In [3]:
# Install required libraries
# !pip install datasets transformers torch flask

# Import necessary libraries
import re
import numpy as np
from datasets import load_dataset
from sklearn.model_selection import train_test_split
from sklearn.feature_extraction.text import TfidfVectorizer
from nltk.corpus import stopwords
from nltk.tokenize import word_tokenize
from nltk.stem import PorterStemmer

# Load IMDb dataset
dataset = load_dataset("imdb")

# Extract data
X_train = dataset['train']['text']
y_train = dataset['train']['label']
X_test = dataset['test']['text']
y_test = dataset['test']['label']

# Preprocess text function
def preprocess_text(text):
    text = re.sub(r'<.*?>', ' ', text)  # Remove HTML tags
    text = re.sub(r'\W', ' ', text)  # Remove special characters
    text = re.sub(r'\s+', ' ', text)  # Remove extra spaces
    tokens = word_tokenize(text)  # Tokenization
    stop_words = set(stopwords.words('english'))  # Stopword removal
    tokens = [word for word in tokens if word.lower() not in stop_words]
    ps = PorterStemmer()
    tokens = [ps.stem(word) for word in tokens]  # Stemming
    return ' '.join(tokens)

# Apply preprocessing
X_train = [preprocess_text(review) for review in X_train]
X_test = [preprocess_text(review) for review in X_test]

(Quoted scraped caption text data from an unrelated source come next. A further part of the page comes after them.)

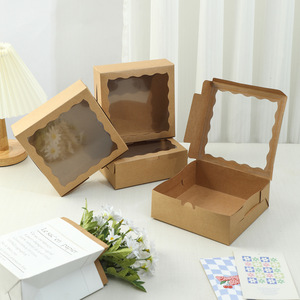 Kotak Kue Putih Berkualitas Baik <span class=keywords><strong>7</strong></span> Inci dengan Jendela, untuk Pernikahan, Ulang Tahun, Kue Macaron, Kemasan Kue Cokelat - Product Image 2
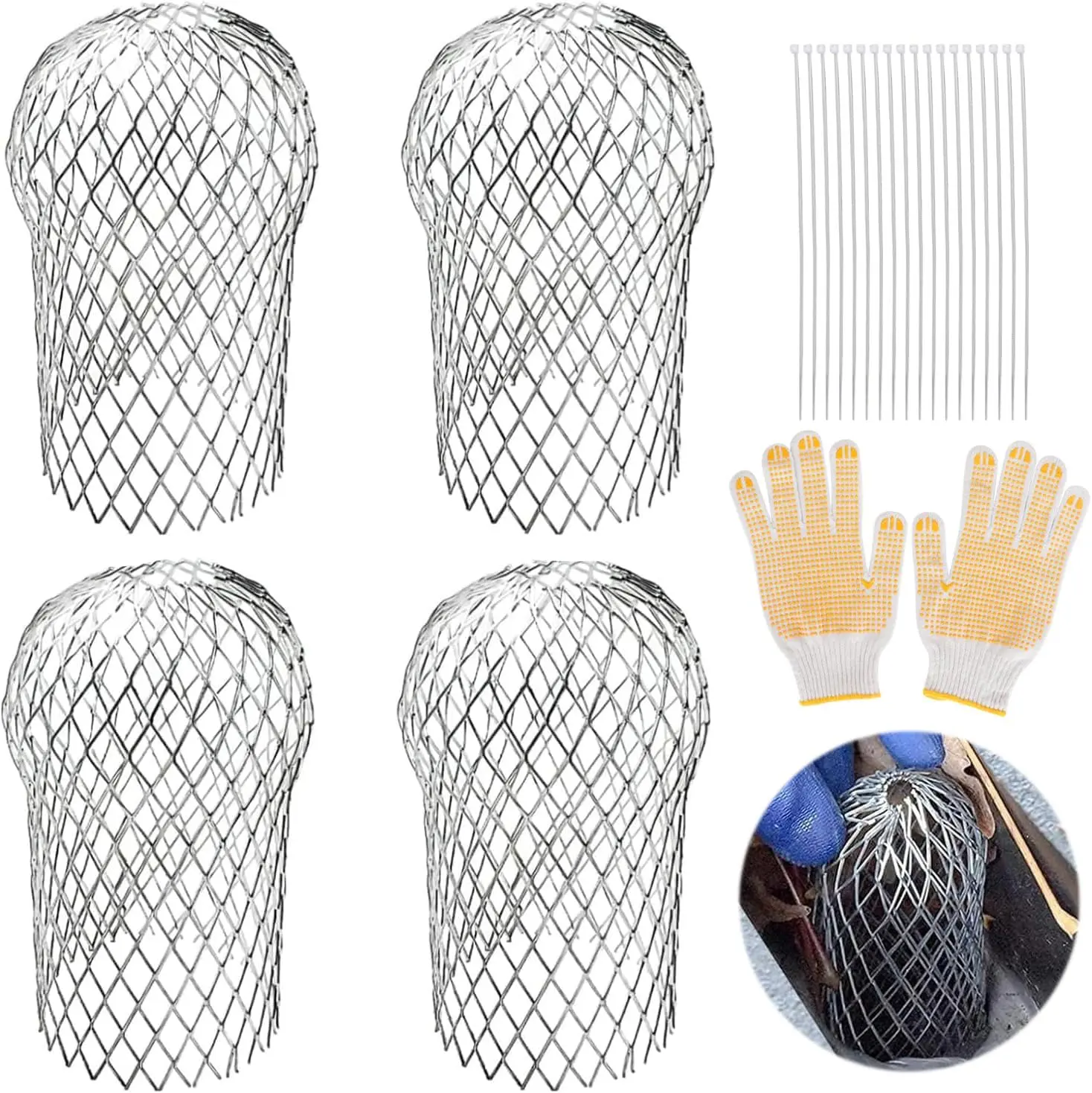 3.5 Inch Width Aluminum Gutter Downspout Guards, Cost-Effective Expandable Leaf Filter Strainers, Long-Lasting Easy-Install Home Improvement Protectors That Prevents Blockage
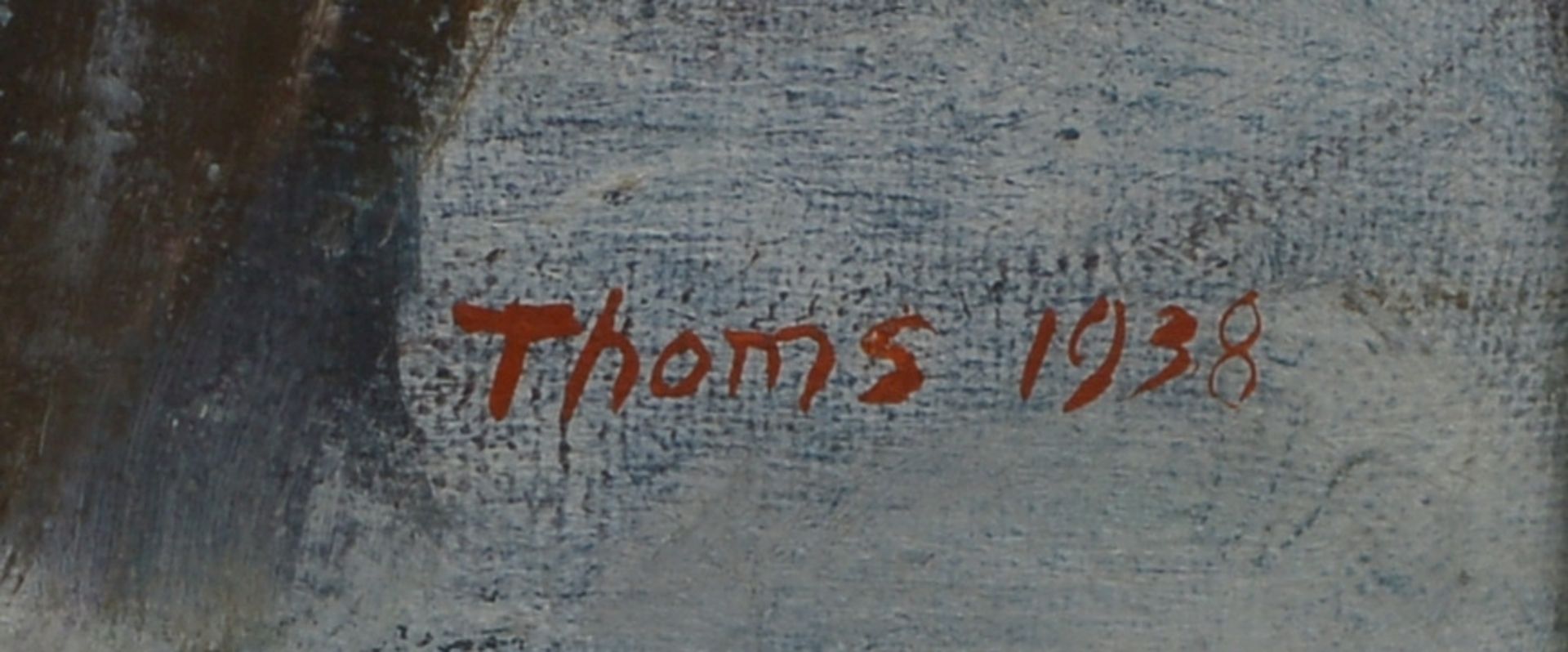 Thoms, Ernst, 'Schlittschuhläufer', Öl/Lw, sign./dat. 'Thoms 1938'; Bildmaße 73 x 124 cm - Bild 2 aus 3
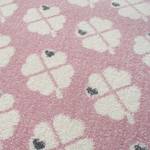 Tapis enfant Trèfle Fibres synthétiques - Rose / Blanc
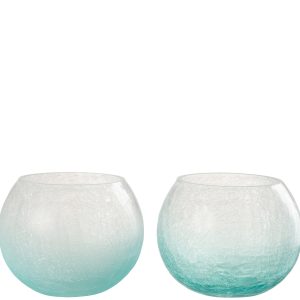 J-Line windlicht Bol Craquelé – glas – blauw – medium – 2 stuks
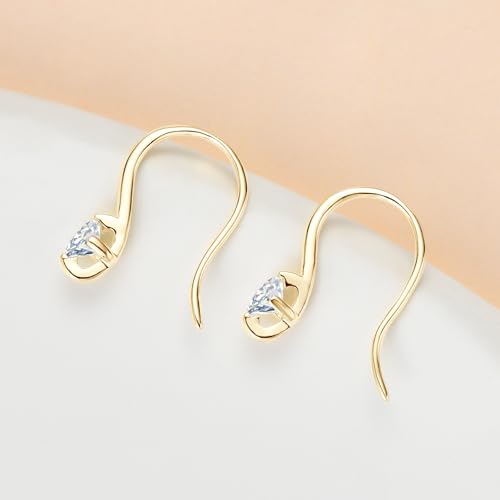 AINUOSHI French Wire Small Hook Earrings, Dainty Danle Drop Solitaire Moissanite Earrings For Women, Sterling Silver 18k White Gold Plated Pull Through Earrings Lab-created Diamond 0.30cttw3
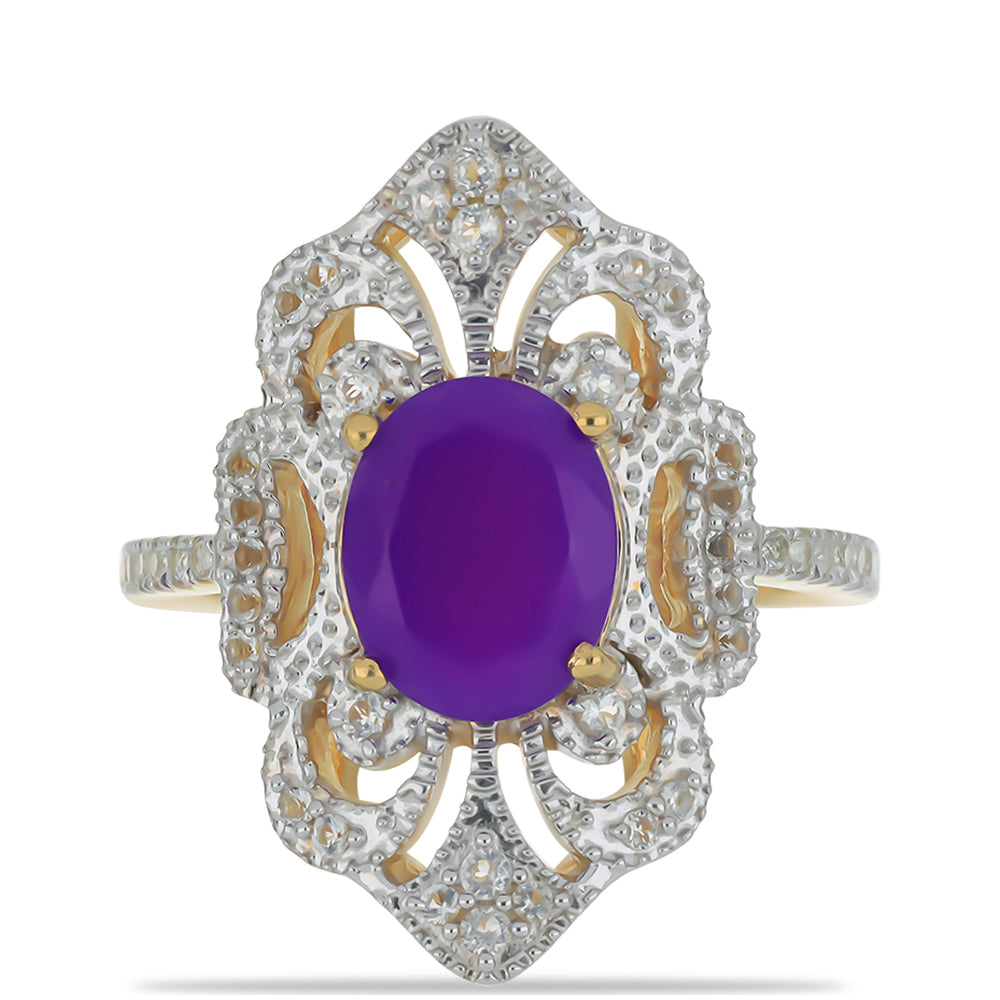 Inel din Argint 925 Placat cu Aur ( 5.82 grame ) cu Agat Violet și Topaz Alb 2.72 Carate 1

# Convert text data into numerical form using TF-IDF
vectorizer = TfidfVectorizer(max_features=5000)
X_train_tfidf = vectorizer.fit_transform(X_train)
X_test_tfidf = vectorizer.transform(X_test)


In [7]:
from sklearn.neural_network import MLPClassifier
from sklearn.metrics import accuracy_score, precision_score, recall_score, f1_score

# Train Neural Network model
model_nn = MLPClassifier(hidden_layer_sizes=(100,50), max_iter=300, activation='relu', solver='adam')
model_nn.fit(X_train_tfidf, y_train)

# Predictions and evaluation
y_pred_nn = model_nn.predict(X_test_tfidf)
accuracy = accuracy_score(y_test, y_pred_nn)
precision = precision_score(y_test, y_pred_nn)
recall = recall_score(y_test, y_pred_nn)
f1 = f1_score(y_test, y_pred_nn)

print("Neural Network Performance:")
print(f"Accuracy: {accuracy}")
print(f"Precision: {precision}")
print(f"Recall: {recall}")
print(f"F1-Score: {f1}")


Neural Network Performance:
Accuracy: 0.84044
Precision: 0.8520142278104061
Recall: 0.824
F1-Score: 0.8377729879214283


In [8]:
import joblib

# Save the Logistic Regression model and TF-IDF vectorizer
joblib.dump(model_nn, 'model_nn.pkl')
# joblib.dump(vectorizer, 'vectorizer.pkl')


['model_nn.pkl']